» **Your assignment**: Write out an exact copy of the line containing "Сандалии Salvatore Ferragamo" and all lines that follow it in the data below, leaving out pictures.

» **Captioned web images**:
============
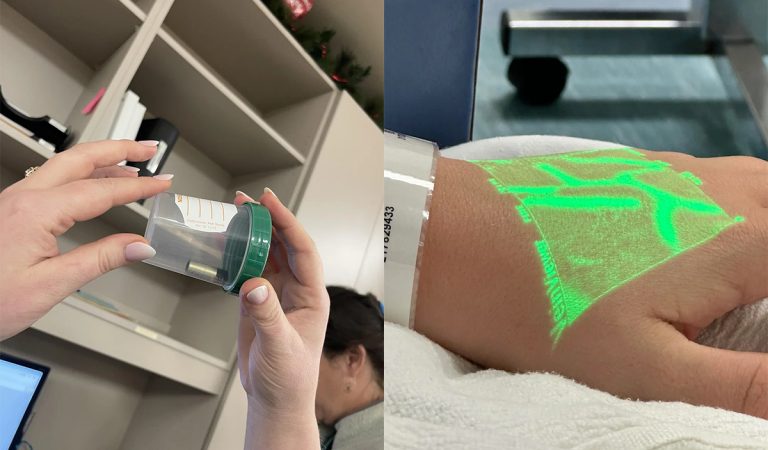 20 zaujímavých záberov z lekárskych ambulancií, ktoré ti ukážu veci, ktoré pacienti väčšinou nevidia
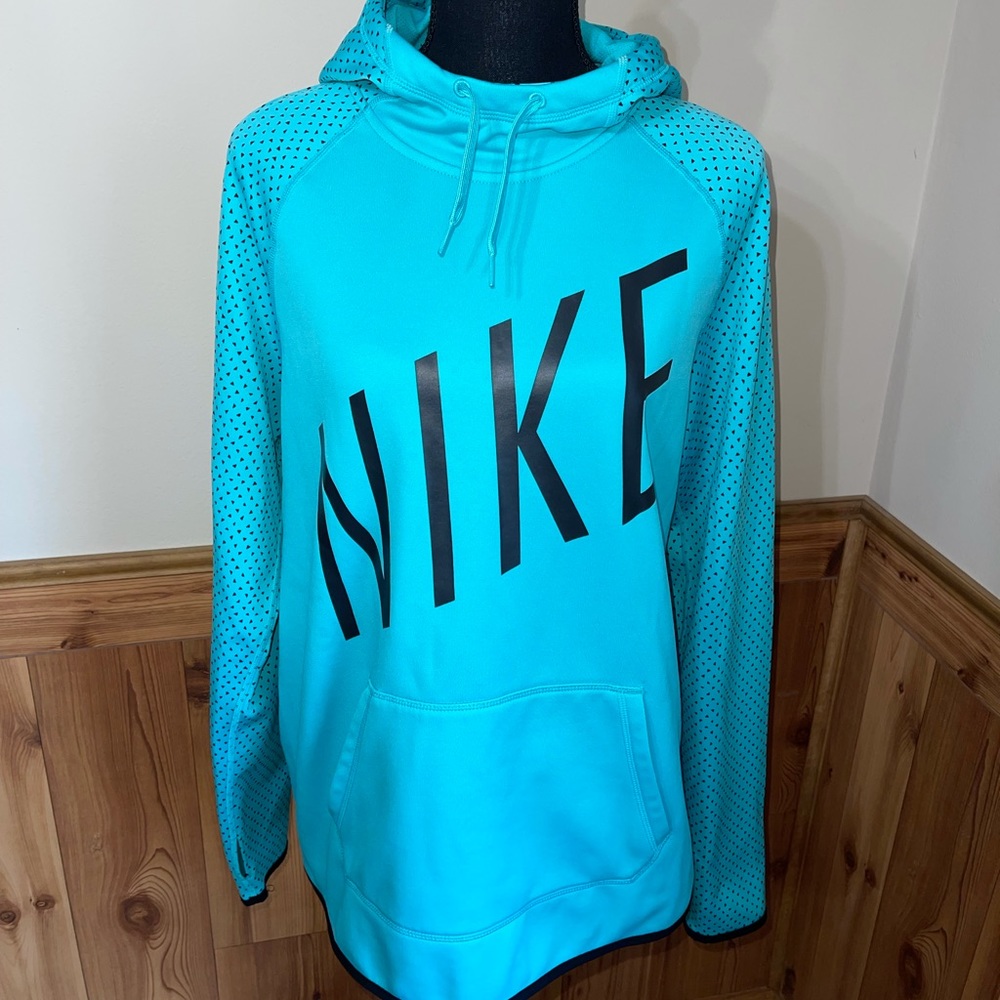*BRAND NEW* Women's Nike DriFit Hoodie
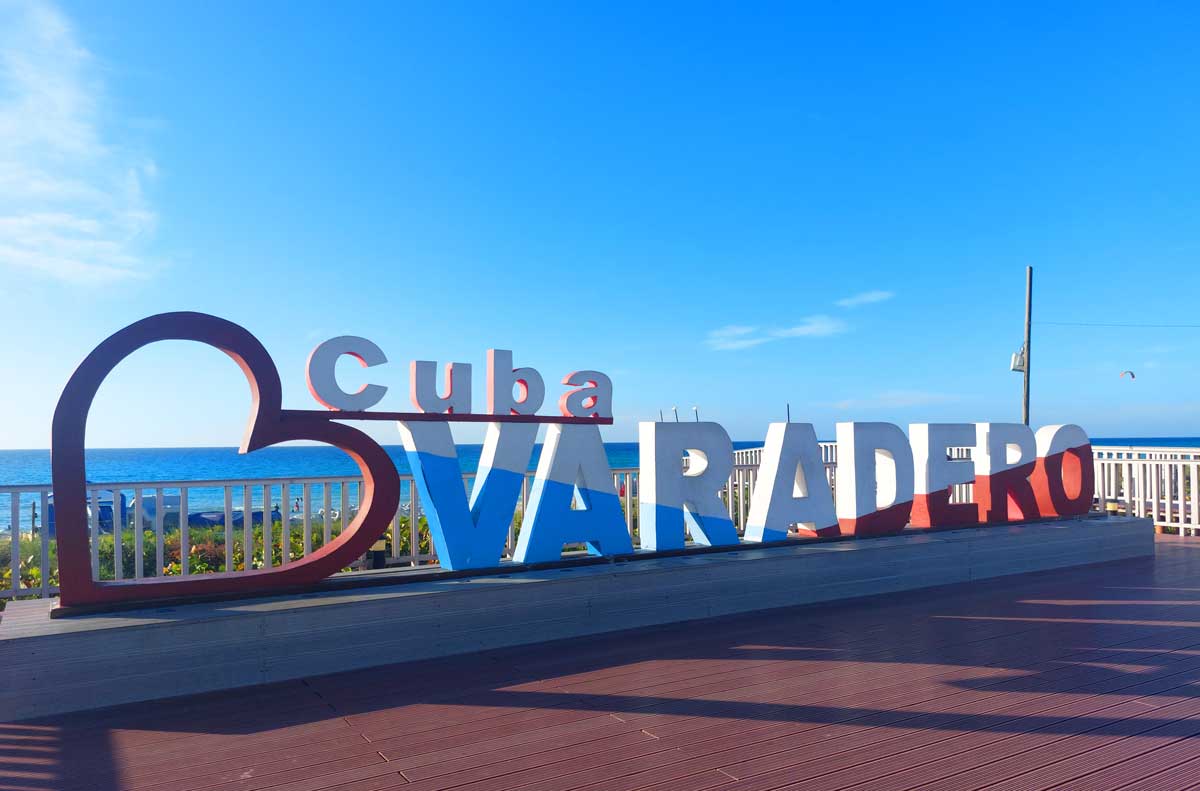 Varadero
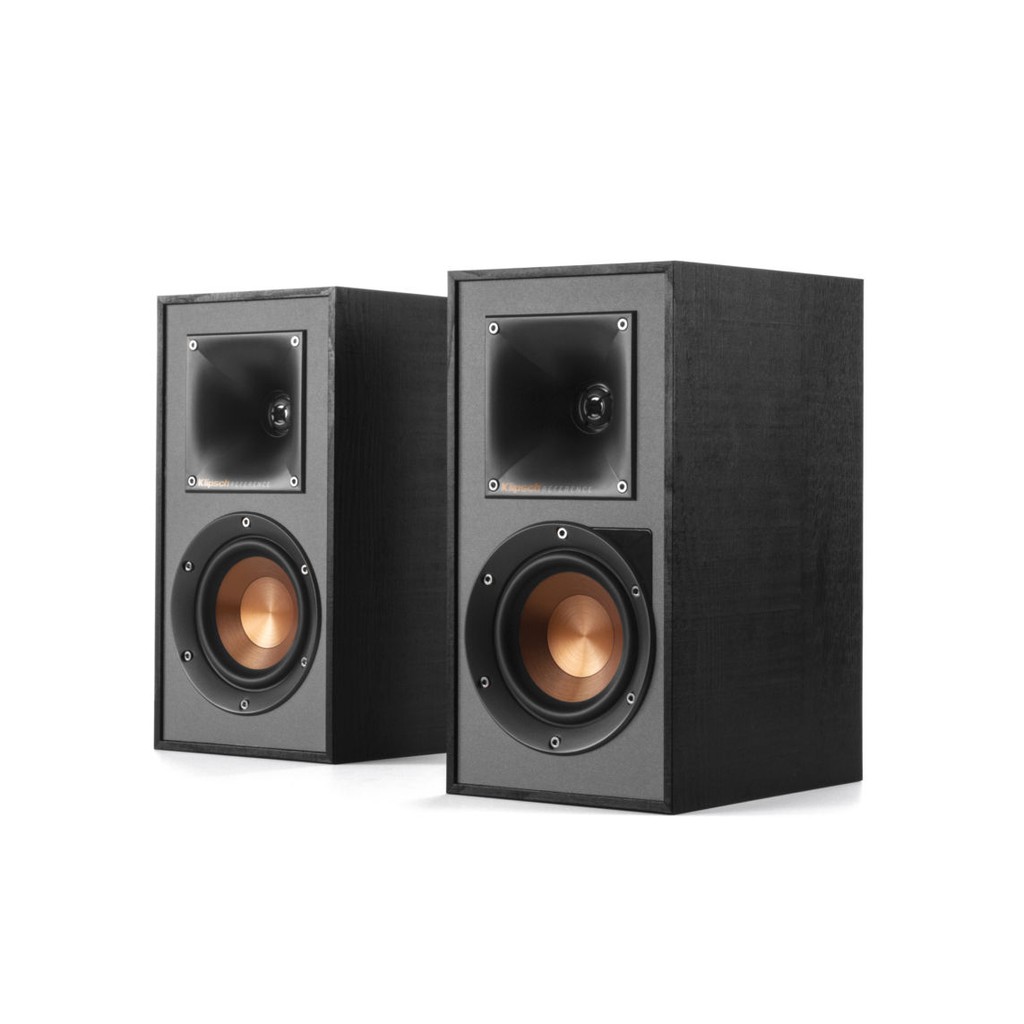 ลำโพง Klipsch R-41PM powered speakers มี Bluetooth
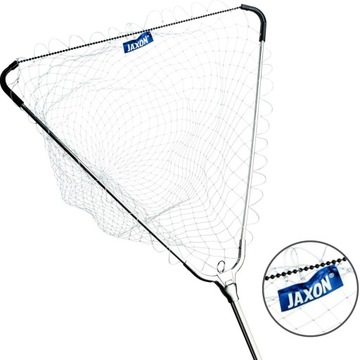 JAXON телескопическая LINE NETWORK 60x60см/3м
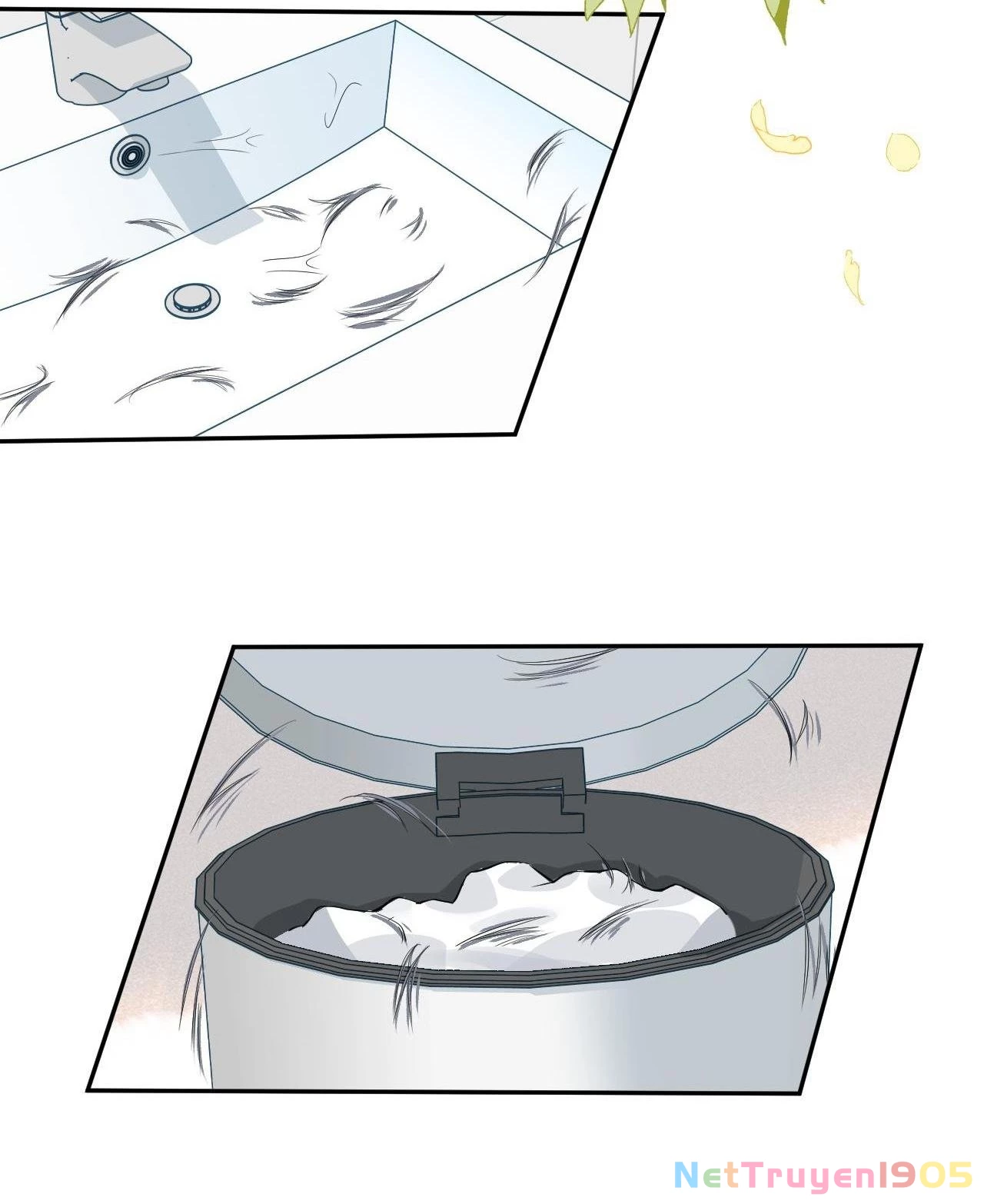 Một Ngụm Nuốt Trọn Thỏ Con Chapter 39 - 29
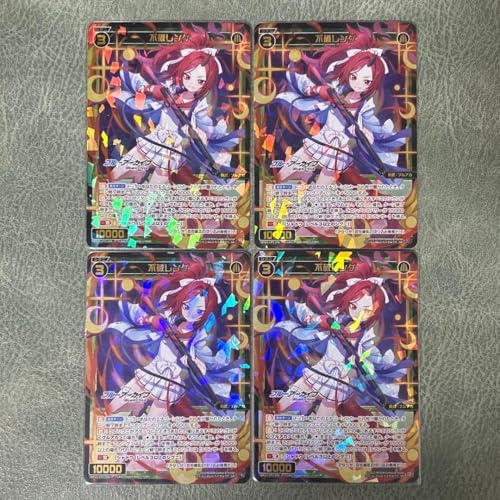 WIXOSS �u���A�J �s�j�����Q SR RBZTKCZT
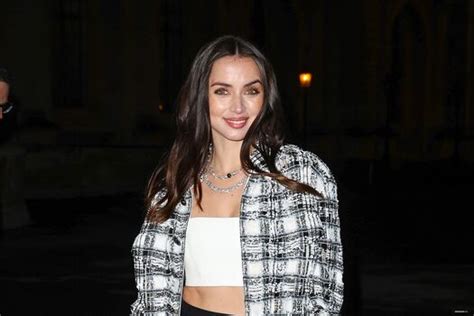 Ana De Armas Ana D Armas Anadearmas Nude OnlyFans Page The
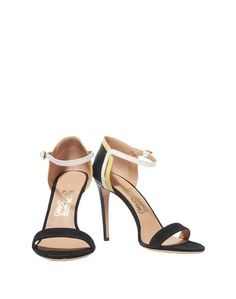 Сандалии Salvatore Ferragamo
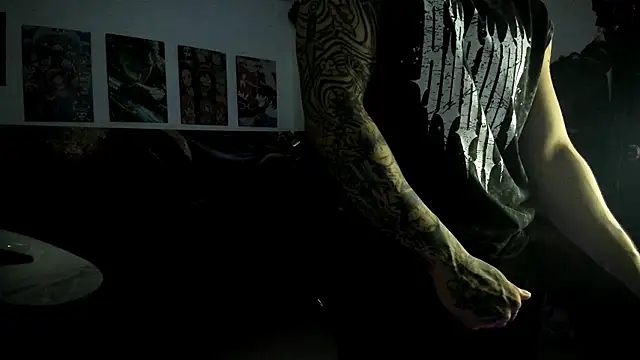 Sisoyalejo420 online show from October 1, 2025, 6:08 am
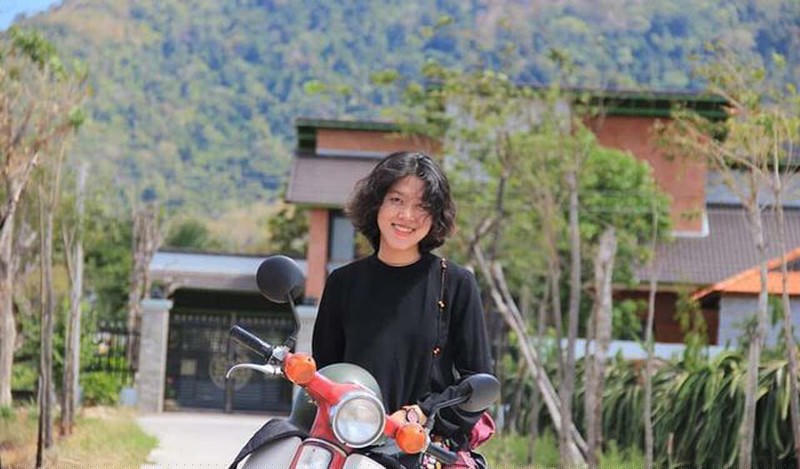 Hoàng Trang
============
» **Task response**:
 Сандалии Salvatore Ferragamo
 Sisoyalejo420 online show from October 1, 2025, 6:08 am
 Hoàng Trang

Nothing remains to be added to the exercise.